Страха за себя я не испытывал, но меня очень беспокоила судьба людей, разделяющих мои взгляды и сочувственно наблюдавших за ходом моего дела: к тому времени уже стало известно, что секретные службы составляют списки «джиласовцев»; и у меня не выходила из головы судьба сталинской партийной оппозиции, которая была брошена в концентрационные лагеря, с их нечеловеческими условиями жизни, чудовищным интеллектуальным и моральным насилием. По отзывам на мои статьи я знал, что во всех странах есть люди, разделяющие мои взгляды, но они не организованы и не подготовлены к борьбе. Стало быть, мне суждено в одиночку переносить бремя и ответственность независимости. Эта причина оказалась слишком серьезной, а давление на мою совесть — слишком сильным, чтобы я мог выдержать: все толкало к отступлению, которое при тех обстоятельствах проявилось как частичное отречение от ранее высказанных идей. Словом, в том, что я выступил с «покаянием», сыграли роль тактические и политические соображения.

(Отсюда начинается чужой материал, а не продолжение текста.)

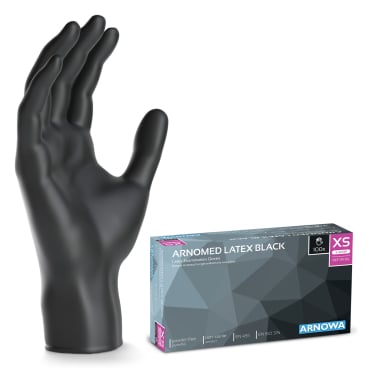 Arnomed Latex Handschuhe, Schwarz, Größe XS, 1 Packung = 100 Stück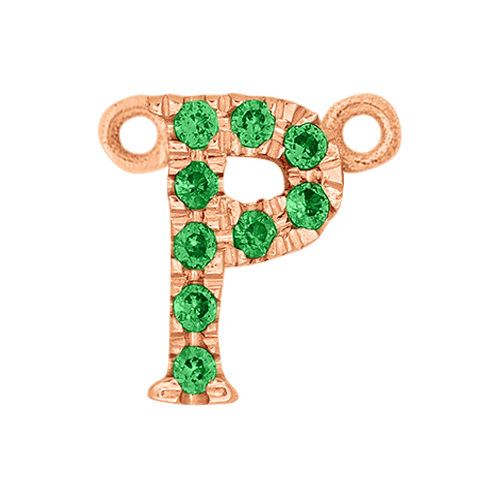 Green Garnet + 14k Rose Gold Letter Charm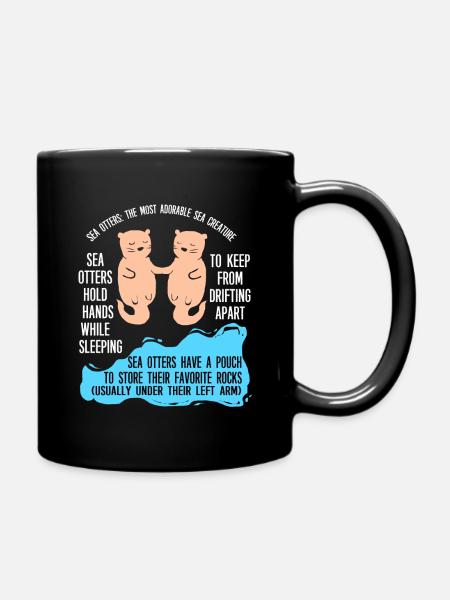 Otter Frettchen Marder Wasser Seeotter Biber Süß - Tasse einfarbig - Schwarz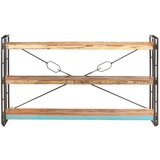 Furnova Knjižna omara 3-nadstropna 140x30x80 cm trden predelan les, (21932569) | Shoptok.si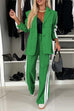 Rebadress Patchwork Notch Lapel Pocketed Blazer Elastic Waist Wide Leg Pants Casual Set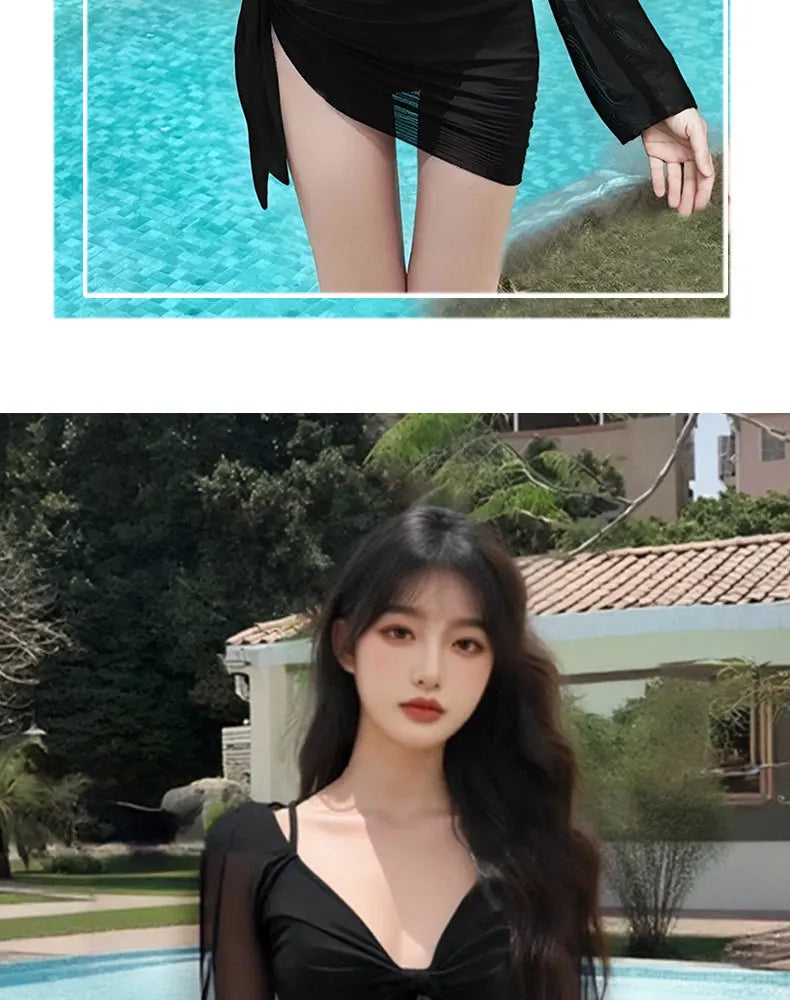 2026 New Women's Big Red Whitening Pure Desire Sexy Bikini Four Piece Set Long Sleeve Sunscreen Hot Girl Swimsuit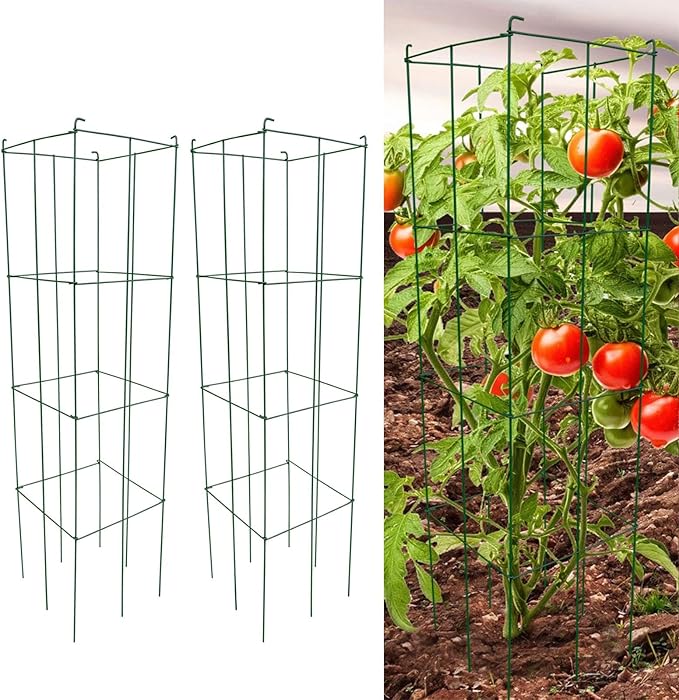 46" Height 12" Width 2PCS Green Square Folding Tomato Cage,Plant Support Stake Tower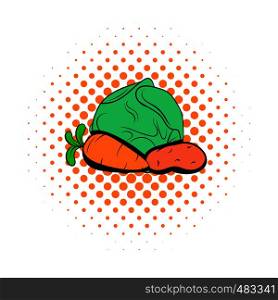 Cabbage, carrot, potatoe comics icon. Vegetables symbol on a white background. Cabbage, carrot, potatoe comics icon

Однако все это не имело решающего значения. Решающим и судьбоносным было то обстоятельство, что я все еще чувствовал себя коммунистом, пусть усомнившимся в некоторых положениях догмы, но жизнью и всем существом своим связанным с коммунистической партией. Подобно всем еретикам, подобно представлениям оппозиции на сталинистских процессах, я хотел своим покаянием доказать приверженность идеологии и партии.

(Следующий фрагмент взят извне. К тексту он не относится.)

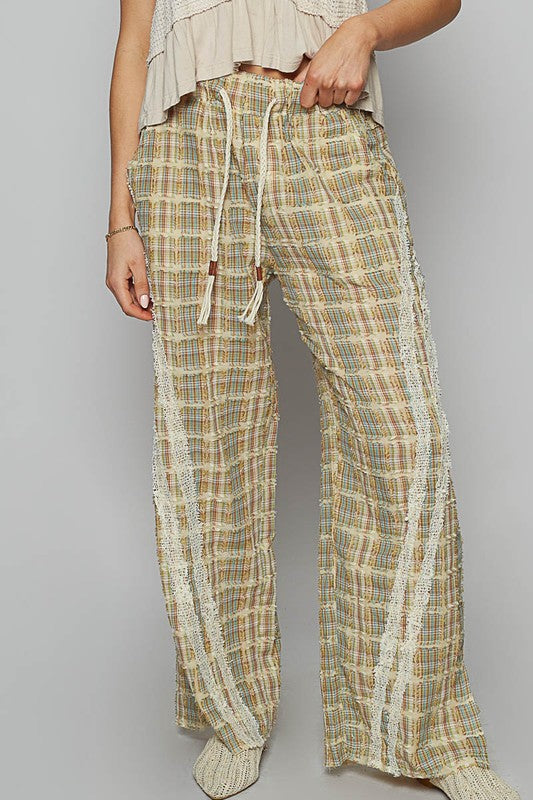 POL Lace Trim Drawstring Checkered Wide Leg Pants - NeoKira Unlimited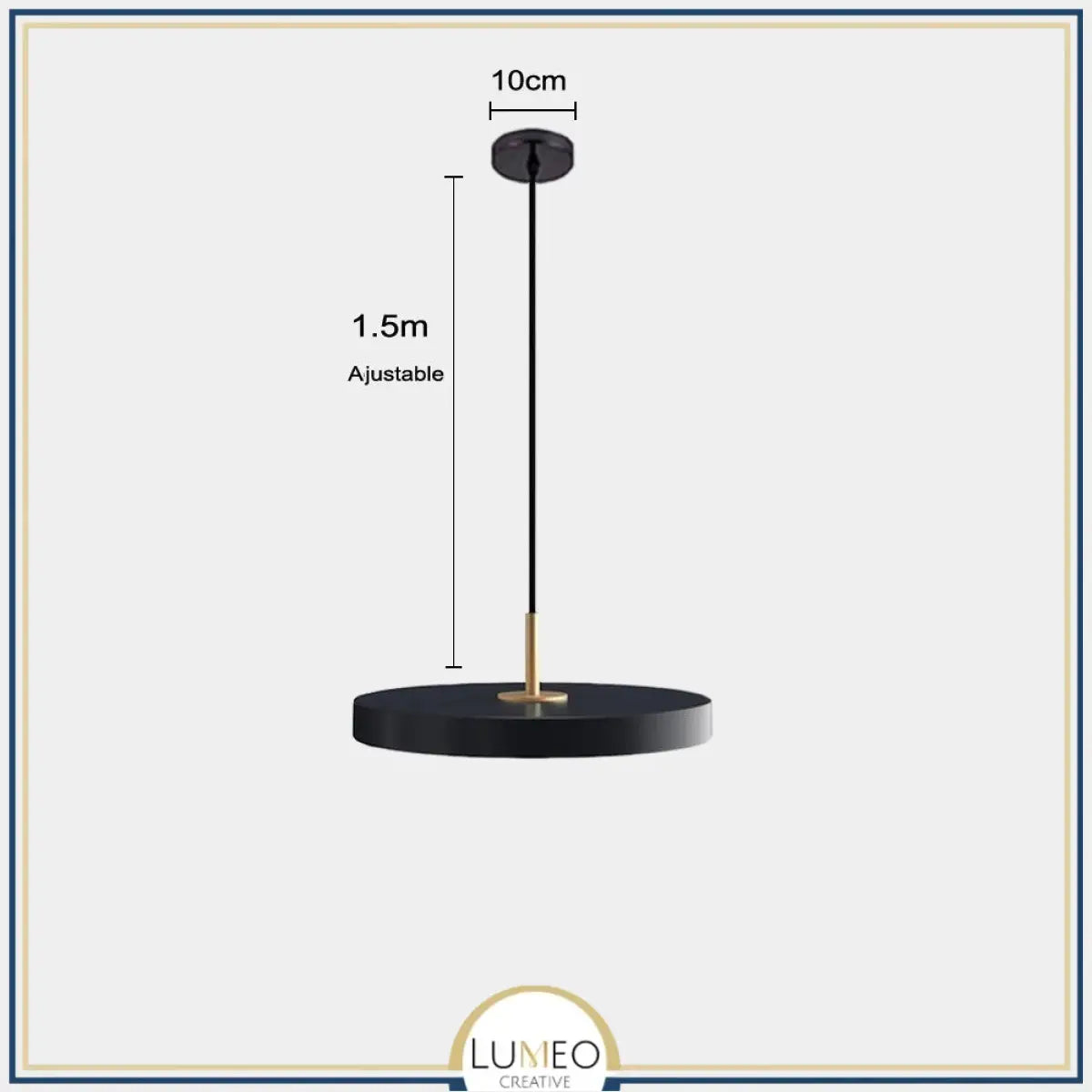 Suspension ronde minimaliste au style nordique | Luminaire suspendu à LED 23cm / Noir / Blanc froid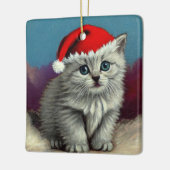 Kerstkat in kerstmuts uit het verleden keramisch ornament (Links)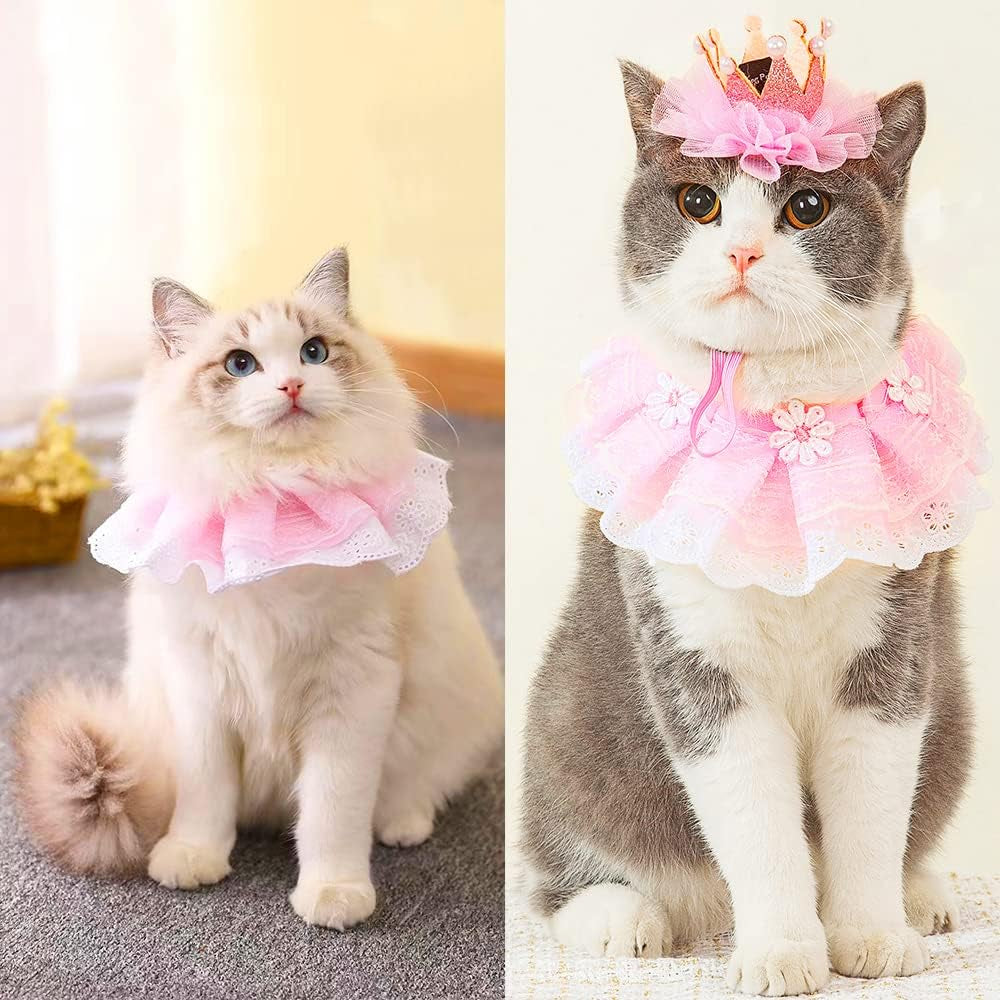 Cat Princess Costumes Cat Crown Hat & Lace Bandana Scarf Set, Puppy Party Hat for Small Dogs & Cats, Lace Outfit for Cats and Small Dogs Birthday Party (Pink)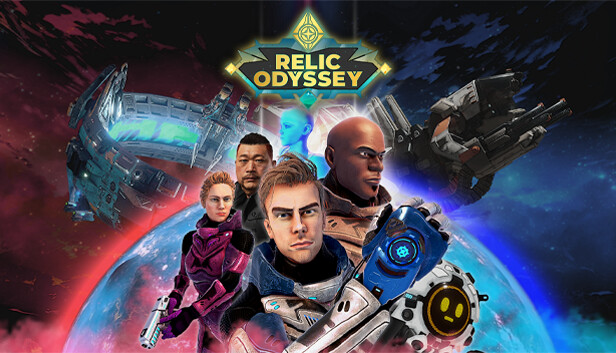 The image is a cover for the game Relic Odyssey, a sci-fi adventure that prominently features a team of diverse characters. The background is an outer space scene with colorful, swirling nebulae, hinting at a galaxy-spanning adventure. The central focus is the group of characters, each dressed in futuristic gear and armor, with serious and determined expressions. One character in the foreground wields a high-tech weapon, likely a leader figure, while the others stand behind, each carrying their own unique weapons or tools, showcasing the diversity of the team’s roles. The title Relic Odyssey is displayed prominently on the left side, with a sleek, modern logo design, featuring a glowing compass or symbol at the top. The game’s aesthetic leans into the futuristic, space exploration theme, blending action and mystery, suggesting a quest for powerful relics or ancient technology across the galaxy. The colors and overall vibe make it clear that the game is likely action-packed, filled with sci-fi elements, and focuses on a team-based journey.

Читателя, возможно, заинтересует и то, что я чувствовал во время своего выступления. Нечто между разочарованием и отвращением к этому сборищу палачей, к их идеологии и средствам ее поддержания. Но к этому примешивалось и какое-то наслаждение от совершенной картины инквизиторского судилища, попирающего человеческое естество, тем более чудовищной, что речь шла об их вчерашнем товарище и соратнике. Действо, напоминающее сталинистские процессы, смягчалось несколько иными обстоятельствами скорее внешнего характера, нежели терпимостью судей. Не хватало только кающегося грешника, и я наслаждался тем, что своим «покаянием» довершил сцену суда, привнеся в нее то, чего устроителям недоставало, чтобы не прослыть на весь мир сталинистами. И все же я не стал сжигать все мои хрупкие мосты — я не отказался от своих философских воззрений и не признал бесчестность своих помыслов.

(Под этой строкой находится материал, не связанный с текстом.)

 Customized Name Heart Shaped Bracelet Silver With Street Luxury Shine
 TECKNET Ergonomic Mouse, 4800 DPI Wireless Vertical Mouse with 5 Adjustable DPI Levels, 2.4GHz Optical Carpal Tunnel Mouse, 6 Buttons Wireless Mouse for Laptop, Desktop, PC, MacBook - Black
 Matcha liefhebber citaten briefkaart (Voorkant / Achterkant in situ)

Я понимал, что тем самым проигрываю сражение, что это свидетельство моей неготовности использовать, быть может, единственный в жизни исторический шанс. Но я знал и то, что меня не заставили покориться, что я соберу силы для продолжения борьбы в новых изменившихся обстоятельствах. Я предвидел, просто был в этом уверен, что люди, разделяющие мои идеи, в худшем случае воспримут мое «покаяние» как минутную слабость и неудачный тактический маневр. Так впоследствии и оказалось — ни тогда, ни позднее я не встретил никого, кто верил бы, что я действительно раскаялся, хотя этот мой поступок использовали многие: противники — для того, чтобы снизить мое влияние, а колебавшиеся сторонники — для того, чтобы оправдывать свое малодушие и переход на сторону противника. Даже Тито заметил в конце заседания, мол, посмотрим, насколько искренно Джилас раскаялся. Эти слова послужили мне не только еще одним доказательством его непоколебимости и изворотливости, но и источником новых сил для сопротивления и преодоления уныния.